T43H-08
Crustal Structure Across the Okavango Rift Zone, Botswana: Initial Results From the PRIDE-SEISORZ Active-Source Seismic Profile
Thursday, 17 December 2015: 15:25
304 (Moscone South)
Lucky Moffat1, Juan Pablo Canales2, Daniel Lizarralde3, Kebabonye Laletsang1, Steven H Harder4, Galen Kaip5 and Motsoptse Modisi1, (1)University of Botswana, Physics, Gaborone, Botswana, (2)Woods Hole Oceanographic Institution, Geology & Geophysics, Woods Hole, MA, United States, (3)Woods Hole Oceanographic Institution, Woods Hole, MA, United States, (4)University of Texas at El Paso, El Paso, TX, United States, (5)University of Texas at El Paso, Geological Sciences, El Paso, TX, United States
Abstract:
The PRIDE project aims to understand the processes of continental rift initiation and evolution by analyzing along-axis trends in the southern portion of the East Africa Rift System, from Botswana through Zambia and Malawi.
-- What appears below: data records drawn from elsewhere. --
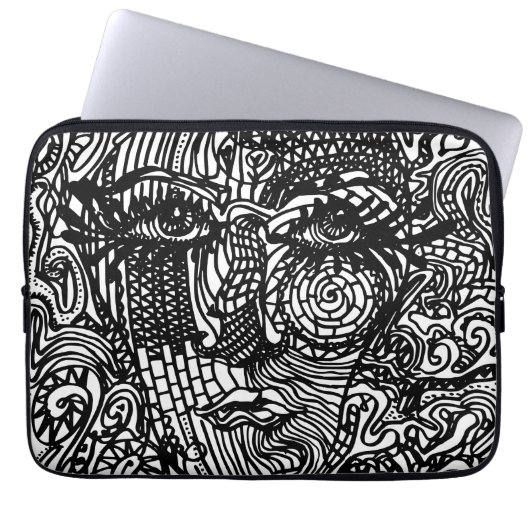 Schwarz-Weiß-Trippy-Line-Portrait Laptopschutzhülle (Vorderseite)
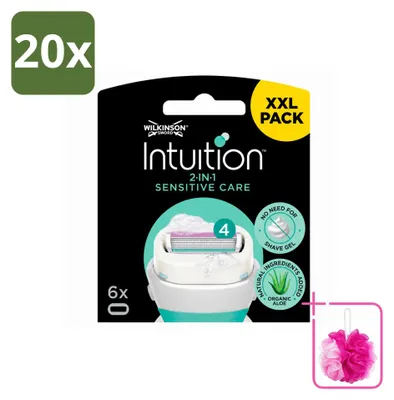 Imagen del producto de 20 hojas de repuesto para afeitadora Wilkinson Intuition Sensitive Care, ideales para pieles sensibles. Pack ahorro, 20 unidades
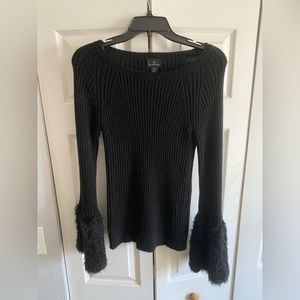 Black, furry, bell sleeve sweater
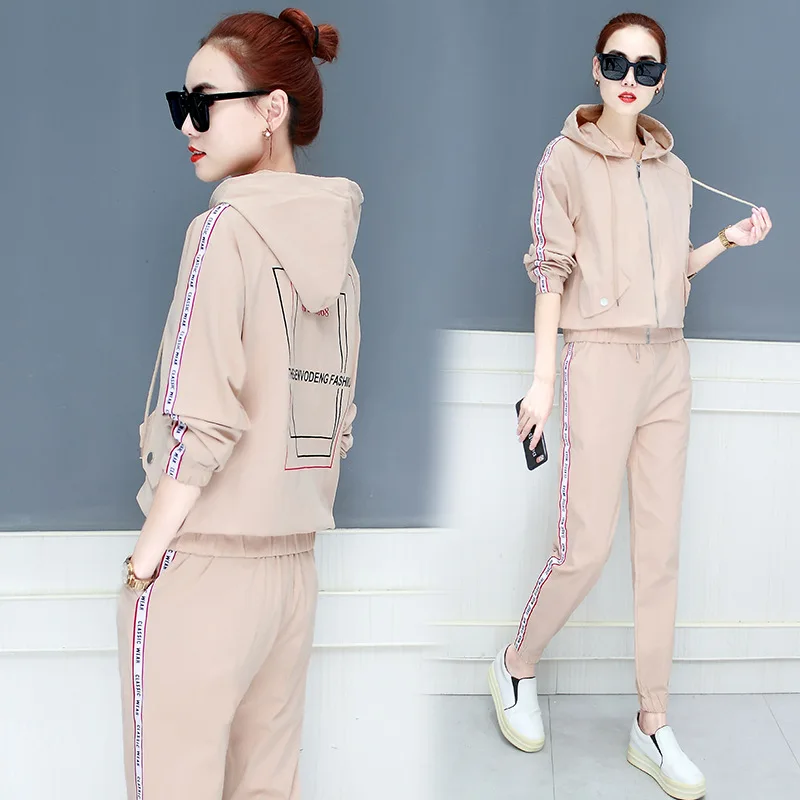 

Western Style Trousers Sleeve Casual Sports Wei Clothes Set Women's Spring And Autumn 2019 New Style Korean-style Trendy Two-Pie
The SEISORZ active-source seismic component of PRIDE focused on the Okavango Rift Zone (ORZ) in northwestern Botswana, with the main goal of imaging the crustal structure across the ORZ. This will allow us to estimate total crustal extension, determine the pattern and amount of thinning, assess the possible presence of melt within the rift zone, and assess the contrasts in crustal blocks across the rift, which closely follows the trend of a fold belt. In November 2014 we conducted a crustal-scale, 450-km-long seismic refraction/wide-angle reflection profile consisting of 19 sources (shots in 30-m-deep boreholes) spaced ~25 km apart from each other, and 900 receivers (IRIS/PASSCAL “Texan” dataloggers and 4.5Hz geophones) with ~500 m spacing. From NW to SE, the profile crosses several tectonic domains: the Congo craton, the Damara metamorphic belt and the Ghanzi-Chobe fold belt where the axis of the ORZ is located, and continues into the Kalahari craton. The record sections display clear crustal refraction (Pg) and wide-angle Moho reflection (PmP) phases for all 17 of the good-quality shots, and a mantle refraction arrival (Pn), with the Pg-PmP-Pn triplication appearing at 175 km offset. There are distinct changes in the traveltime and amplitude of these phases along the transect, and on either side of the axis, that seem to correlate with sharp transitions across tectonic terrains. Initial modeling suggests: (1) the presence of a sedimentary half-graben structure at the rift axis beneath the Okavango delta, bounded to the SE by the Kunyere-Thamalakane fault system; (2) faster crustal Vp in the domains to the NW of the ORZ; and (3) thicker crust (45-50 km) at both ends of the profile within the Congo and Kalahari craton domains than at the ORZ and beneath the fold belts. At the meeting we will present results based on forward modeling of the traveltimes of sedimentary, crustal, and mantle phases.